Starting a new, innovative business can sometimes feel like a leap into the unknown, as pioneering entrepreneurs seek to find out whether a new idea, product or service has any future.

However, not all leaps are successful. In fact, it is often quite the opposite, as statistics collated by Investopedia suggests that nine out of ten startups end up failing, over a fifth of which in their first year.

This often means that outside of those rare unicorns that immediately have huge valuations, most startups are doomed to failure. Or are they?

Since 2011, a new approach to startups has emerged in the form of the lean startup coach. Coined by Eric Ries in his eponymous book, lean startups have the innovative spirit of classic startups but rather than focusing on burn rate and big expensive launches, they focus on speed and flexibility.

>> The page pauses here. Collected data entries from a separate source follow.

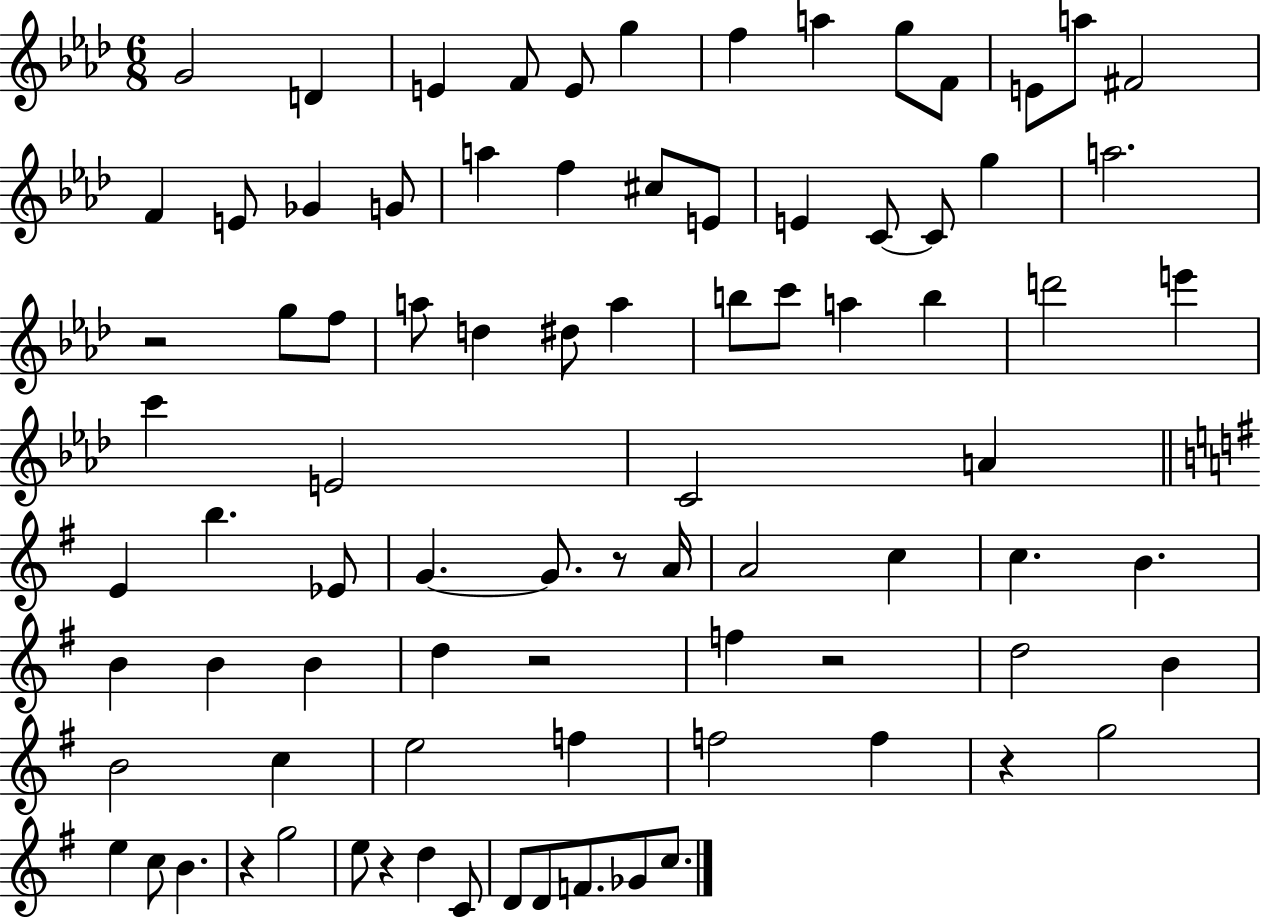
{
  \clef treble
  \numericTimeSignature
  \time 6/8
  \key aes \major
  g'2 d'4 | e'4 f'8 e'8 g''4 | f''4 a''4 g''8 f'8 | e'8 a''8 fis'2 | \break f'4 e'8 ges'4 g'8 | a''4 f''4 cis''8 e'8 | e'4 c'8~~ c'8 g''4 | a''2. | \break r2 g''8 f''8 | a''8 d''4 dis''8 a''4 | b''8 c'''8 a''4 b''4 | d'''2 e'''4 | \break c'''4 e'2 | c'2 a'4 | \bar "||" \break \key g \major e'4 b''4. ees'8 | g'4.~~ g'8. r8 a'16 | a'2 c''4 | c''4. b'4. | \break b'4 b'4 b'4 | d''4 r2 | f''4 r2 | d''2 b'4 | \break b'2 c''4 | e''2 f''4 | f''2 f''4 | r4 g''2 | \break e''4 c''8 b'4. | r4 g''2 | e''8 r4 d''4 c'8 | d'8 d'8 f'8. ges'8 c''8. | \break \bar "|."
}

The ultimate aim of a lean startup is to meet the demand of customers using as few resources as possible and does this by involving customers in the development process as quickly as possible.

The central focus of this is the minimum viable product (MVP), which tests the fundamental ideas that led to the startup’s formation and collect as much information about how customers engage and react to the product.

This iterative approach is built around digital services, as they can be quickly altered and adjusted to meet demand, learning lessons with each iteration. This is known as the Build-Measure-Learn cycle and highlights the need to be flexible and treat iterations as a series of experiments.

Examples of this in action include Mr Ries’ own IMVU, a virtual social hub that was built on the principle of connecting to already existing social platforms of the time such as AOL Instant Messenger, MSN and Yahoo, which became a huge success thanks to iteration.